ただ、この中でビブリオバトルが最優秀賞を受賞したことはとても意義深いと思っています。僕が贅言を尽くすよりも、ビブリオバトルの主唱者である谷口忠大さんが優秀賞を受賞された際のコメントを引用させて頂いた方が、その意図はよく伝わるかもしれません(以下、togetterのテキストを繋いで引用します)。

ビブリオバトル普及黎明期からコアなメンバーで話していたことに「図書館のカタチ」もしくは図書館2.0 についての議論があり,「ビブリオバトルってあるいみソーシャルな図書館の機能をもってるよね.」という議論がありました.つまり,ビブリオバトルは「図書館」というハコは持っていないけど,カフェであれ,会議室であれ,その場を人を介して「本と出会う空間」にする機能をもっています.ソーシャルな位相空間に存在する図書館のような存在だよね,と思っていました.そういうニュアンスが伝わったのかどうかはわかりませんが,ビブリオバトルが「図書館」にまつわる賞をいただけたこを感慨深く感じます.我々は知識社会において,その環境状態,時代の要請に応じて,知識の流通の仕方について適応的に振舞わねばなりません,図書館業界に僕自身は明るくはありませんが,図書館というシステムは長い伝統の中で,その情報の整理の仕方,サービスの提供の仕方を洗練させてきたのだとおもいます.ただ,爆発的な情報化社会の濁流の中で,情報との「出会い方」について,「サードプレイス」としてのあり方についてなんらかの変化を向かえる時期だと多くの関係者が認識しはじめておられるようです.そんな中で,「ビブリオバトル」という変わったモノを図書館の栄誉ある賞の中に加えていただけたことは,とても意義深く,ありがたく,また象徴的なことだと思っています.

これからの図書館の活動に示唆を与える、図書館というハコに拘らない取組みを選ぶというLibrary of the Yearの趣旨をよく理解して頂いたこのコメントは、中の人にとって嬉しいものであると同時に、私自身の持つ問題意識ともシンクロする刺激的なものでした。
今年で7回目を迎えるLibrary of the Yearについては、好意的なコメントも数多く頂く一方で、「図書館以外の目立つものに飛びつく傾向がある」「各地の取り組みへの目配りが不十分である」「優秀賞発表までの選考過程が不透明でである」「最終選考会ではプレゼンテーションの出来で結果が左右される」等々、否定的なコメントも頂いているのも事実です。

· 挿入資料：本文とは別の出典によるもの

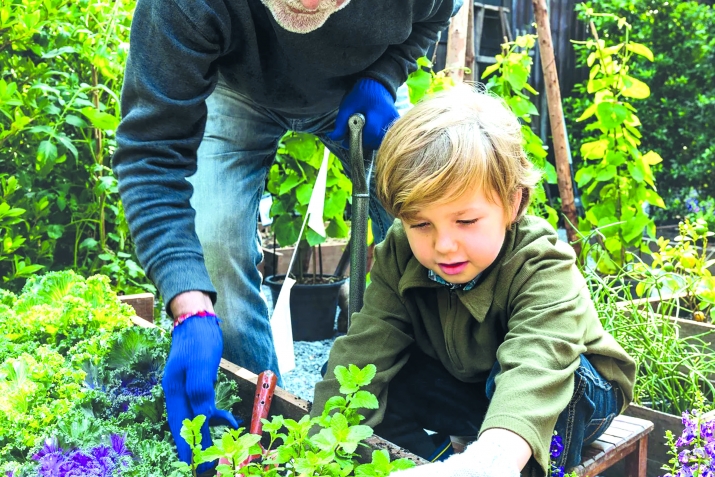 Къуншидиз гьикI гьуьрметда?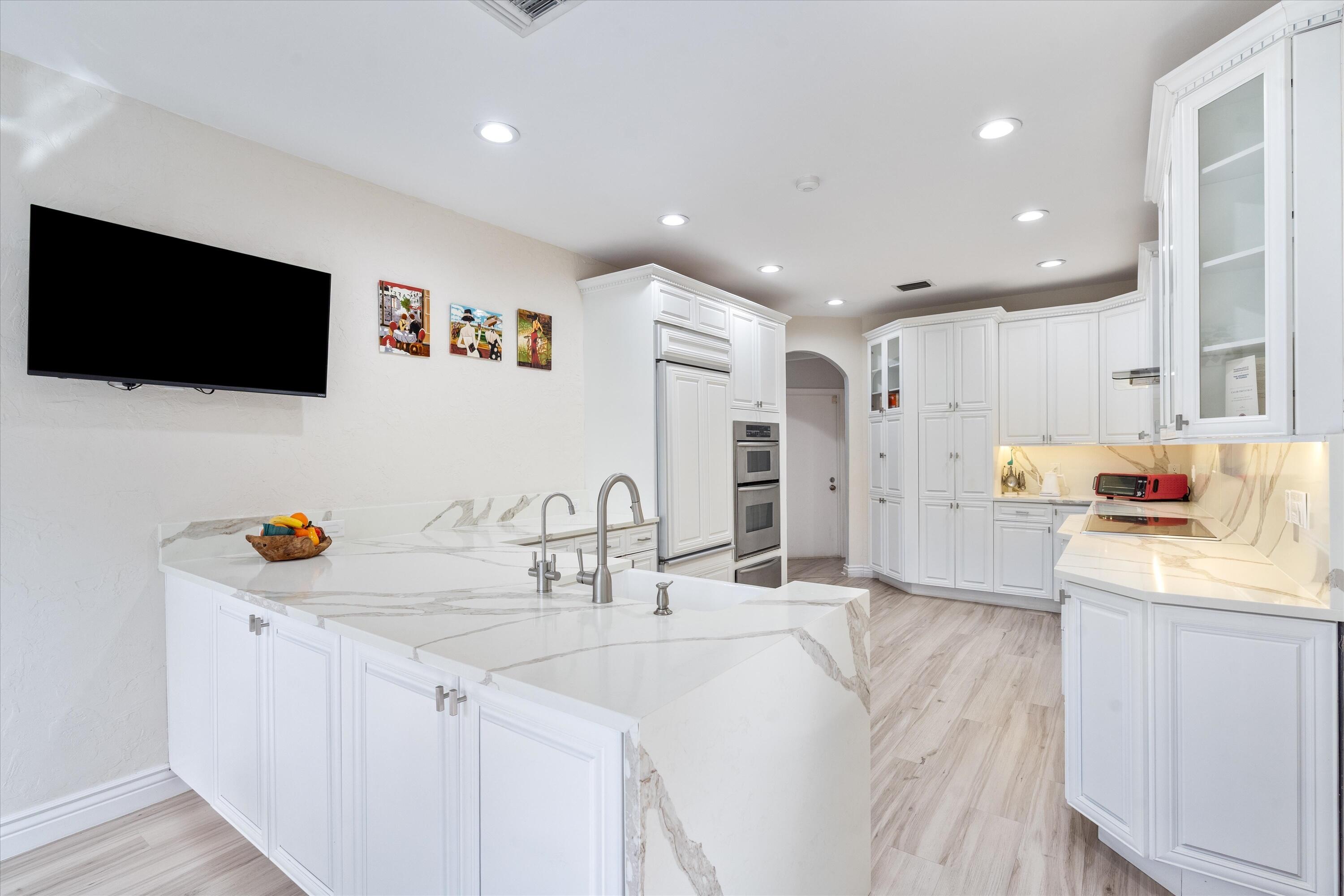 SUN AND SURF CLUB COMMUNITY - Residential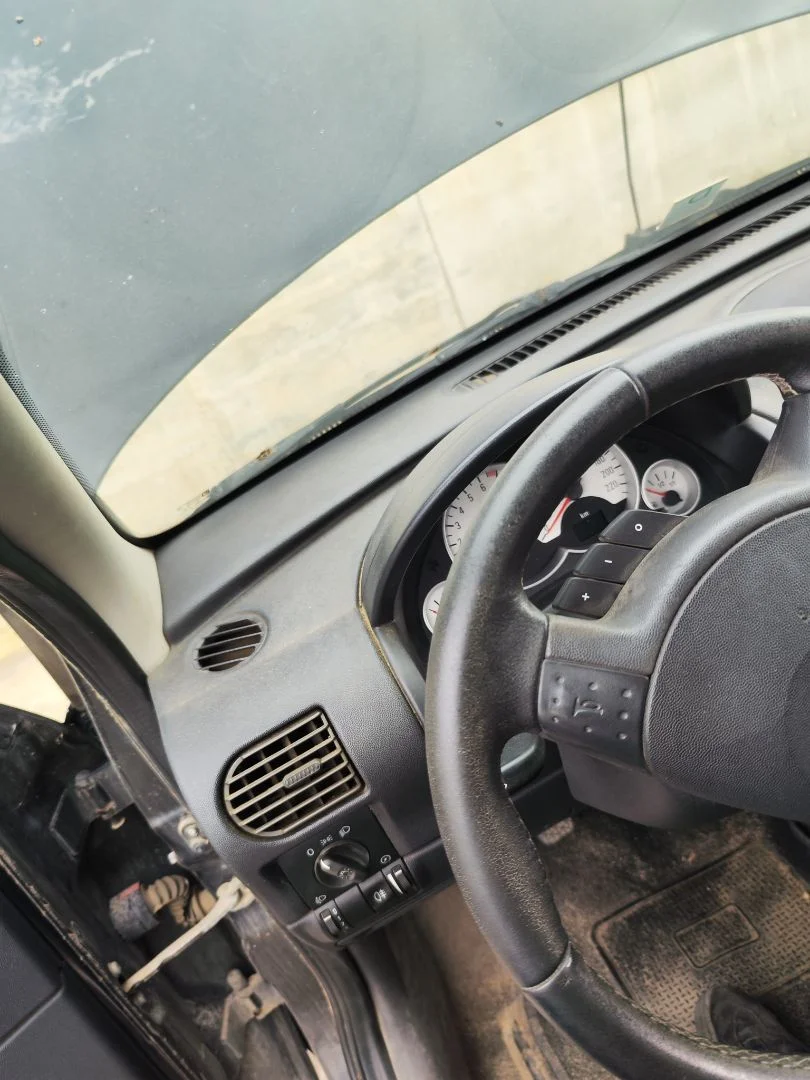 Foto de SALPICADERO OPEL CORSA C 1.2 16V CAT (Z 12 XEP / LB4) (80 CV / 59 KW)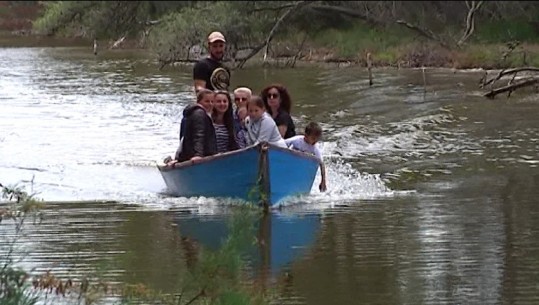 Varkat, kulla dhe parku kombëtar/ Divjaka destinacioni i turistëve në fundjavë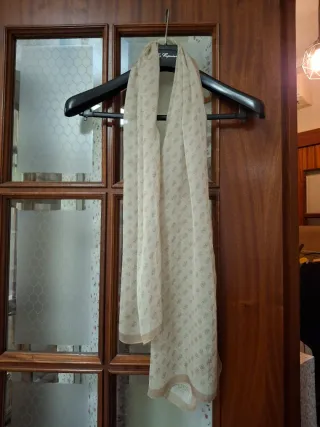 Fular Guess Beige/Marrone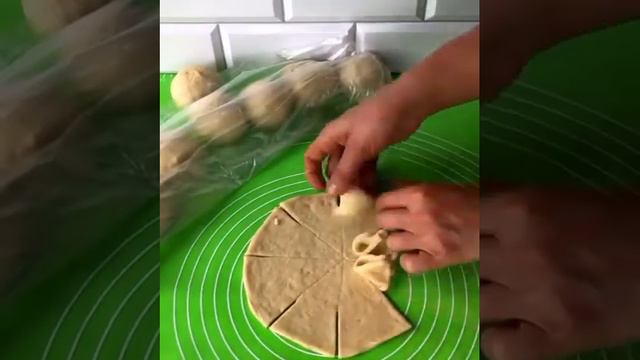 Отрясающие пышные булочки со сгущенкой смотреть онлайн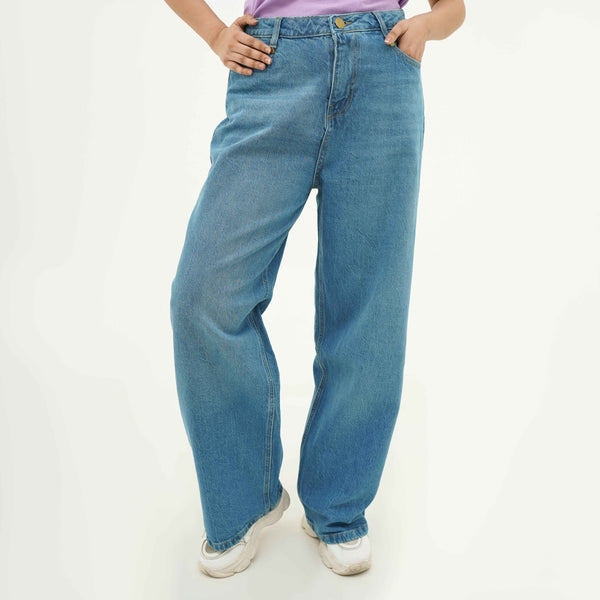 BSG women's denim Azure Sky Breeze Wide Leg Jeans in light blue with relaxed fit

これらのご意見を踏まえ、(外からは見えないものも含めて)毎年あれこれと手を加えながら運営しているところではありますが、まだまだ足りないところもあると思います。そういった「足りない」部分については、引き続き改善していきたいと思います。僕自身も、時にはプレゼンテーターとして、時にはスタッフとして初回から関わらせて頂いているところ、今後はいつまでLibrary of the Yearに関わるか分かりませんが(実際のところ、今回はほとんど任せっきりでしたし)、関わることができる間は出来る限りのことをしていきたいと思っていますので、これからも宜しくお願いいたします。